### TASK DIRECTIONS
Each line below from the "手拿手机互联网背景图片" line through the "Vestido maxi sin" line, those two included, must be restated word for word; the pictures must not be.

### GIVEN ENTRIES
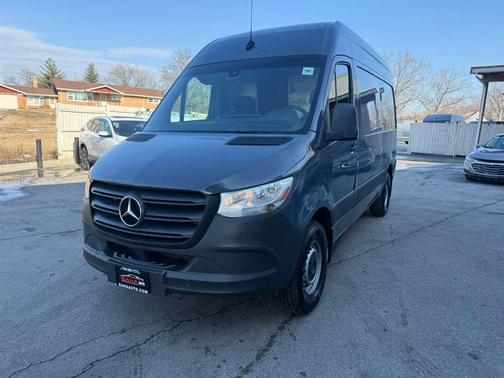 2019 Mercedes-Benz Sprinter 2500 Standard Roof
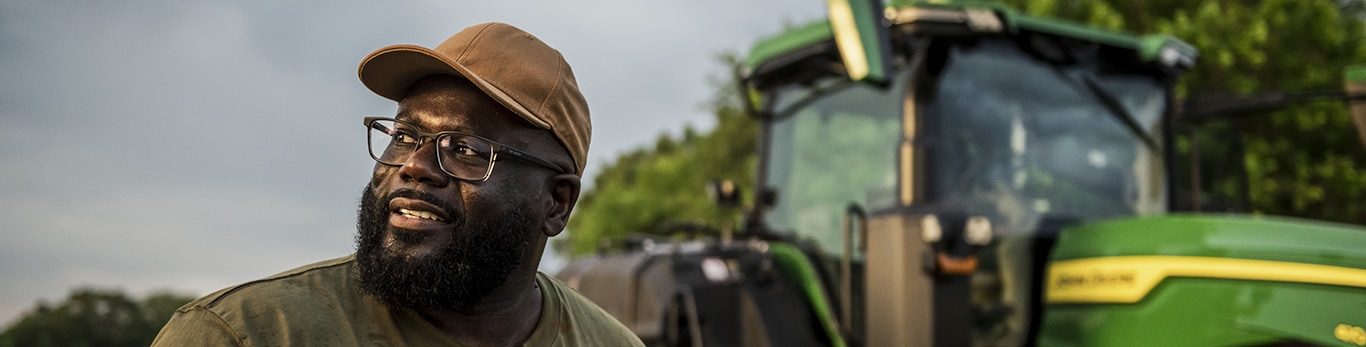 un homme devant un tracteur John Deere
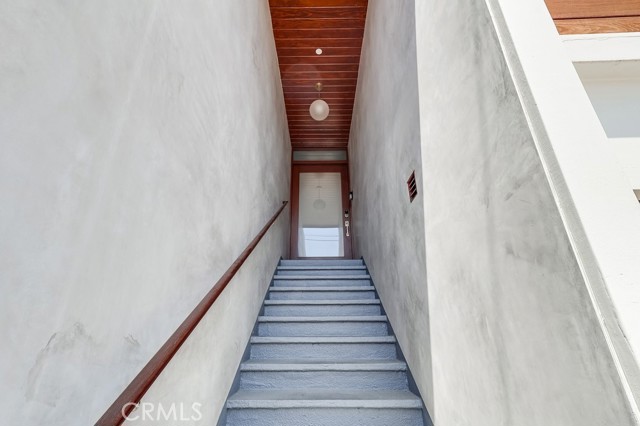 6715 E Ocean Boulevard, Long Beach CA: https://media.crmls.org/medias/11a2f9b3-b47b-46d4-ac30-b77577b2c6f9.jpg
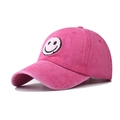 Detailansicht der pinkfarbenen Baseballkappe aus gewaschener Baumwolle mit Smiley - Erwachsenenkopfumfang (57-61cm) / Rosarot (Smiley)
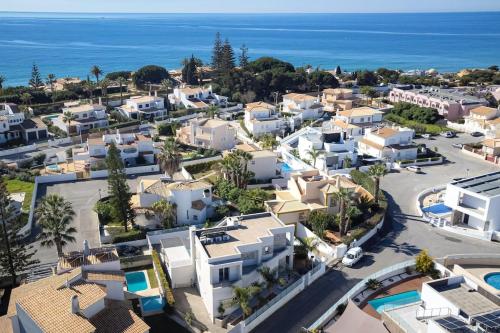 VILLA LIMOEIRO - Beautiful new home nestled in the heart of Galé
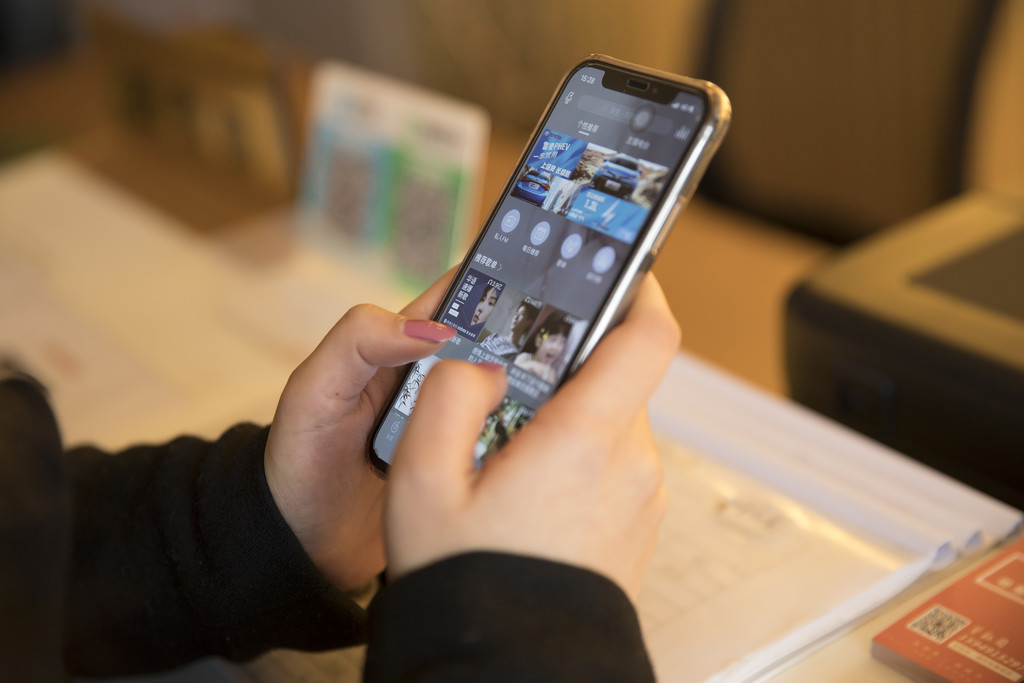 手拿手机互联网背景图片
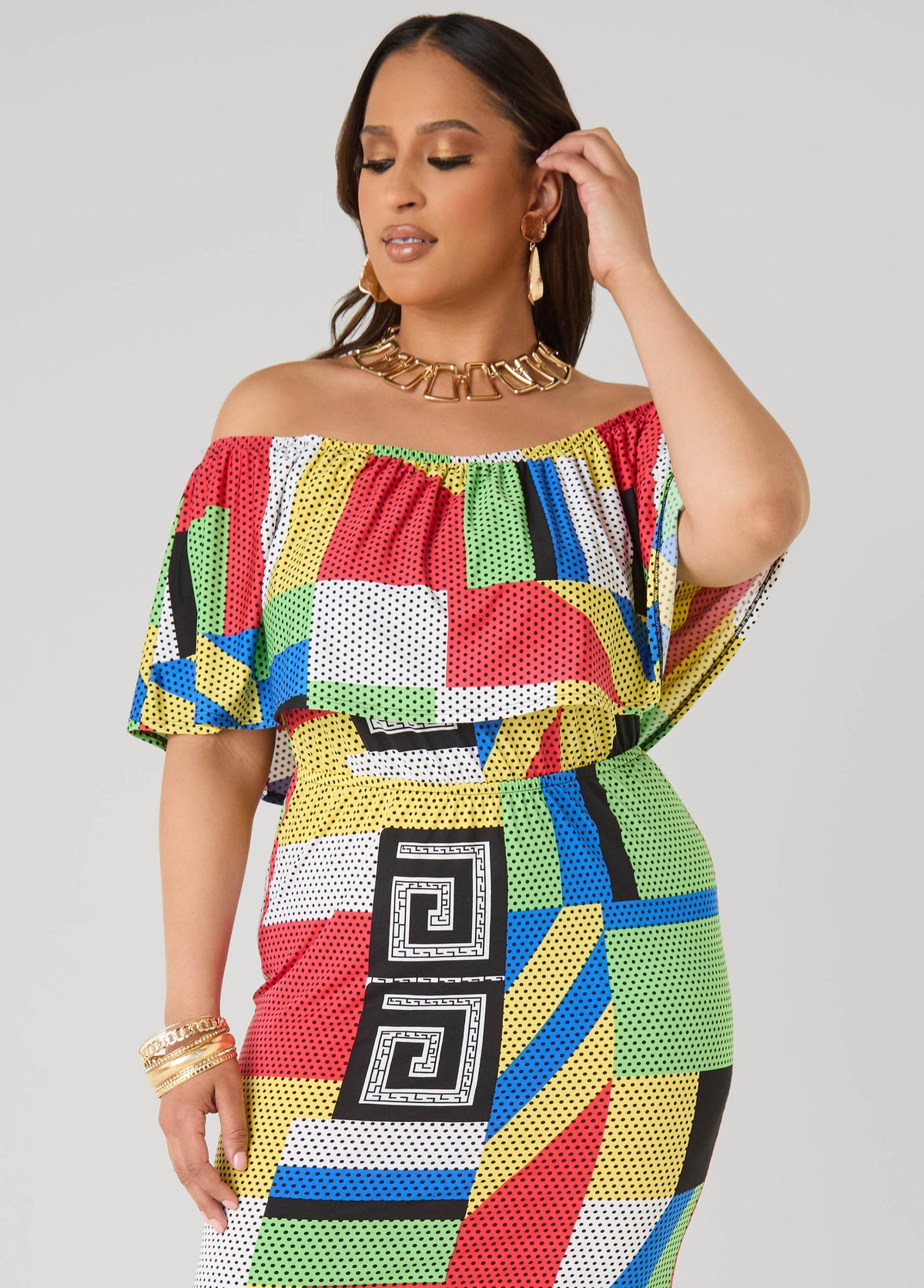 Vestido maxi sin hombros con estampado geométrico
==
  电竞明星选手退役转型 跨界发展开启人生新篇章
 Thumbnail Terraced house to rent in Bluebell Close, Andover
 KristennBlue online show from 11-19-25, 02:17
==
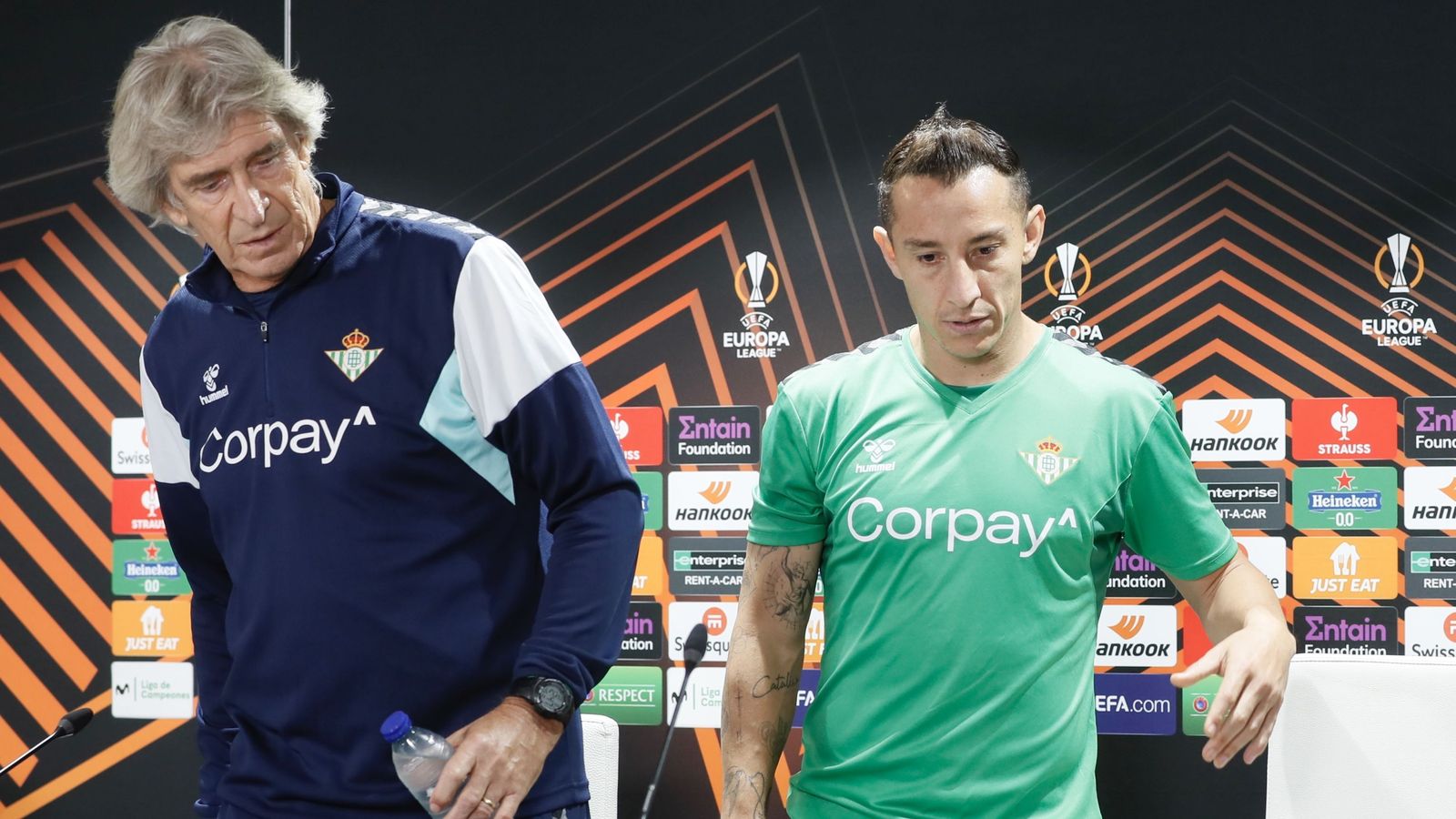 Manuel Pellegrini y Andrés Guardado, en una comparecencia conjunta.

### ANSWER SECTION
 手拿手机互联网背景图片
 Vestido maxi sin hombros con estampado geométrico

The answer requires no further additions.